For Harrelson, it is only a small step from rethinking what we eat to rethinking bigger questions about how we live. "Like this war that feels pretty inevitable right now," he drawls. "If there is human sacrifice, which there will be on both sides if they start bombing, are people going to die in vain -- or are we going to evolve off the petrochemical? To me, that's what this war is about. It's not like one film is going to change all that, but my hope is that people will recognize how destructive we are, and find out how they can get together and do something."

For filmmaker Mann, the challenge was to follow Harrelson's odyssey while keeping the narrative entertaining and even funny. "Greenpeace and David Suzuki are heroes of mine, but I wanted to break from the traditional 'environmental movie' and build a comedy," Mann explains. "What I think comes through is a hopeful, upbeat message directed toward a young audience. "

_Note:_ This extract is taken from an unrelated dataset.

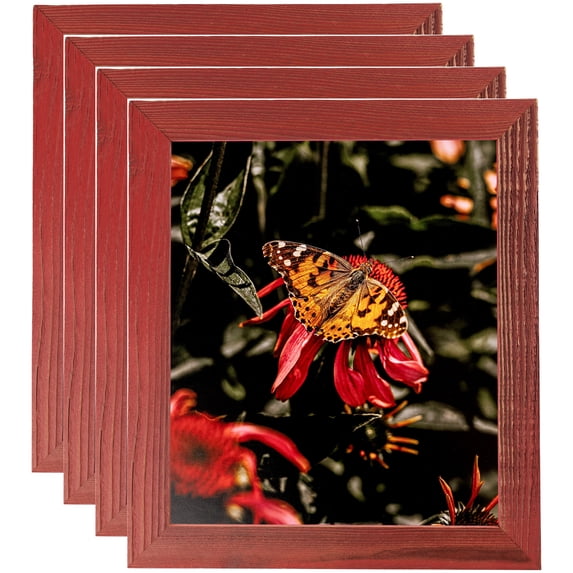 ArtToFrames 8" x 14" Real Reclaimed Red Barnwood Picture Frame, 8x14 inch Red Wood Poster Frame (WOM-4814), 4 Pack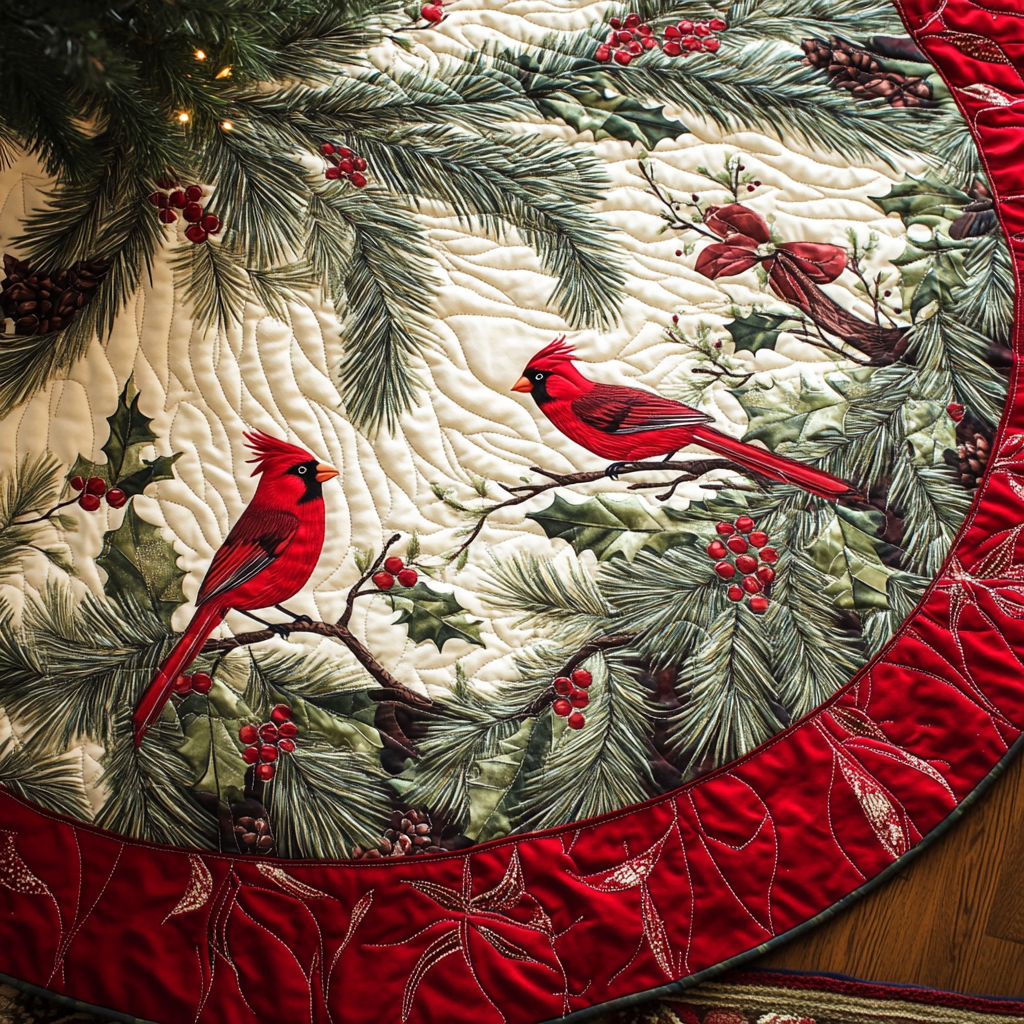 Christmas Cardinal TAI041024094 Quilted Tree Skirt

Go Further is a hybrid of vérité filmmaking, different from what I've done before, but that still connects with my earlier films, which are about documenting alternative culture," continues Mann, 44, who has combined archival material, interviews with his heroes (including Allen Ginsberg and cartoonist Robert Crumb), as well as music, narration and graphic design in such films as Twist, Poetry In Motion, Comic Book Confidential and Grass, all of which are still in circulation on campuses and TV.

"In the 1980s, there was a rewriting of the 1960s, where many accomplishments were dismissed or reduced to failure," Mann explains. "My effort was to put those efforts on film for future generations. Go Further is about activism today, but its message connects to the natural-food movement of the 1960s."

Just then, a young woman timidly approaches to tell Mann that she saw Go Further and has decided to change her diet. "Wow. I'll tell Woody, he'll appreciated that," says the director, whose own lifestyle changes are also part of the film's back story.

"After Grass,I was blimp size from all the film-festival hopping," he laughs. "I decided to do what my wife Paty, who is a nutritionist, had been telling me for years: I stopped eating meat, started doing yoga and lost 50 pounds. When I read Woody was going to talk to kids about yoga and veganism, I knew I had to document it."

Along the way, he says, he came to truly admire the subject of his latest documentary. "Woody is the kind of person that walks his talk," says Mann. "I mean, he lives in a treehouse. I know that sounds strange, but he's off the grid, and that says something." Adds the filmmaker, "At their most cynical, people could say, 'Sure, we'd all love to run around in a bio-fuelled bus' or 'We can't afford organic.' But he's doing it, and if more people did, well, let's face it, it has to start somewhere."